Hal ini diamini oleh tokoh Adat Toraja yang lain, yaitu Tato Dena. Dena mengatakan bahwa wabah di Tana Toraja tahun 1918 adalah penyakit menular antar manusia yang sangat masif. Menurut pengakuan sang Ayah, udara terasa seperti racun.
Hampir semua orang di Tana Toraja kehilangan sanak saudaranya. Bahkan, orang yang menguburkan jenazah pun sering menjadi korban karena mereka bersentuhan dengan jenazah. Karenanya, proses penguburan tak bisa berjalan sesuai tradisi Tana Toraja.
Flu Spanyol Adalah Penyebab Kematian Masif di Tana Toraja
Ternyata, tragedi mencekam yang terjadi pada tahun 1918 tersebut merupakan Flu Spanyol. Pada saat itu, wabah tersebut tidak hanya menyerang Tana Toraja saja, namun juga seluruh dunia. Setidaknya, ada 1,3 miliar orang di dunia yang mengalami dampaknya.

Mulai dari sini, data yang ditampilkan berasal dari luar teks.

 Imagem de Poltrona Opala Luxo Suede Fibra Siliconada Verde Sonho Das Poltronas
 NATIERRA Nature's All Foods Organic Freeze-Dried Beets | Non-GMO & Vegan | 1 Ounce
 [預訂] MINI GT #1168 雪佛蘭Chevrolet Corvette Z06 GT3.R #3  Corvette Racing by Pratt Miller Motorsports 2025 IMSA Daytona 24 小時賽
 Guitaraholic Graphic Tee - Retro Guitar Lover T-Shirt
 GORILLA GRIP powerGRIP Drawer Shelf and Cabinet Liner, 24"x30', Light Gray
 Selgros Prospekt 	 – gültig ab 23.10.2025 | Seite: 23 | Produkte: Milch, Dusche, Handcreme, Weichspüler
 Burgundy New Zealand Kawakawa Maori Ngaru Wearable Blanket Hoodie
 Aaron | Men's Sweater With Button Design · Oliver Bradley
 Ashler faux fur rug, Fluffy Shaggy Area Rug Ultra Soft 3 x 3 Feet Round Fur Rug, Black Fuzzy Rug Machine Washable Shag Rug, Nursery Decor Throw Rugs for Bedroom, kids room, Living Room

Sedangkan wabah Flu Spanyol di Tana Toraja merenggut lebih dari 3.000 nyawa, menurut catatan medis Hindia Belanda. Itu adalah tragedi masif yang meninggalkan luka bagi keluarga yang ditinggalkan. Hal itu pastinya tidak boleh terulang di masa depan.
Meskipun tragedi tersebut sudah lewat lebih dari 100 tahun yang lalu, namun sisa-sisa tragedinya masih bisa terlihat di zaman sekarang. Hal ini karena jenazah orang yang meninggal pada saat itu hanya disimpan dan dibiarkan berserakan di satu tempat.
Padahal, menurut tradisi pemakaman bagi Suku Tana Toraja, biasanya orang yang meninggal akan mendapatkan space milik mereka sendiri di tebing atau di punggung gunung. Namun, pada saat itu ada terlalu banyak orang yang meninggal dan tidak sempat dikuburkan.
Tidak hanya jenazah yang tidak sempat dikubur, masyarakat pun tidak melakukan upacara khusus untuk mengantarkan para roh menuju tempat damai. Sebab, pada saat itu masyarakat sedang merasa sengsara karena wabah flu yang mengancam nyawa mereka.
Siapapun dapat berkunjung ke tempat kuburan Ra’ba Biang. Hanya saja, pastikan untuk tidak menyentuh dan membawa pulang tengkorak yang tergeletak di sana. Semoga informasi Ketik Media bermanfaat.